→ **Exercise goal**
Look through the data below and output, unchanged, every line from the one holding "Here's your invitation" through the one holding "Offering even more", inclusive. Skip the pictures.

→ **Information**
↓

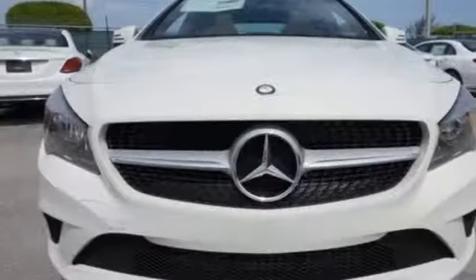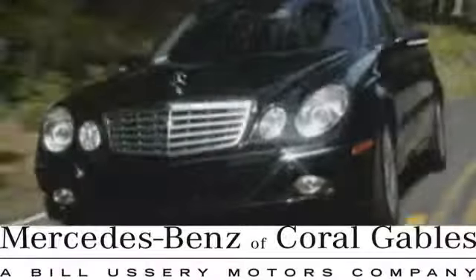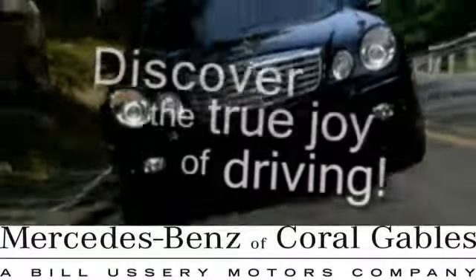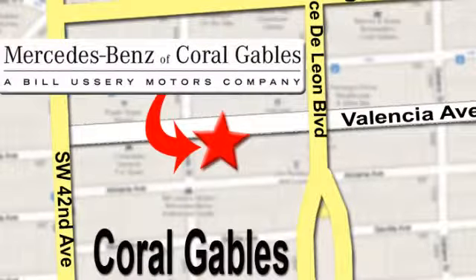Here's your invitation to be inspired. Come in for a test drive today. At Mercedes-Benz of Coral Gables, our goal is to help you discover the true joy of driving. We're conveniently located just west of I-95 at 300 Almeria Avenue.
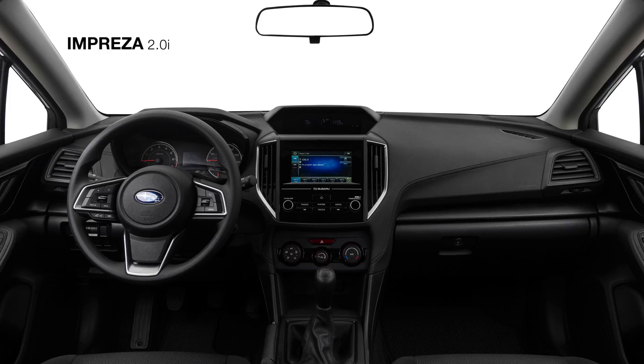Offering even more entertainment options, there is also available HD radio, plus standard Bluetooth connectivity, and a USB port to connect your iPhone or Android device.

↑
↓

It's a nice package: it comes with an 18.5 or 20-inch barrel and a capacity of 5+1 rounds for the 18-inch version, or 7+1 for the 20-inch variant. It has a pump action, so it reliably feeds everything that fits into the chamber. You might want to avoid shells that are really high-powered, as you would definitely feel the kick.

↑

→ **Reply**
Here's your invitation to be inspired. Come in for a test drive today. At Mercedes-Benz of Coral Gables, our goal is to help you discover the true joy of driving. We're conveniently located just west of I-95 at 300 Almeria Avenue.
Offering even more entertainment options, there is also available HD radio, plus standard Bluetooth connectivity, and a USB port to connect your iPhone or Android device.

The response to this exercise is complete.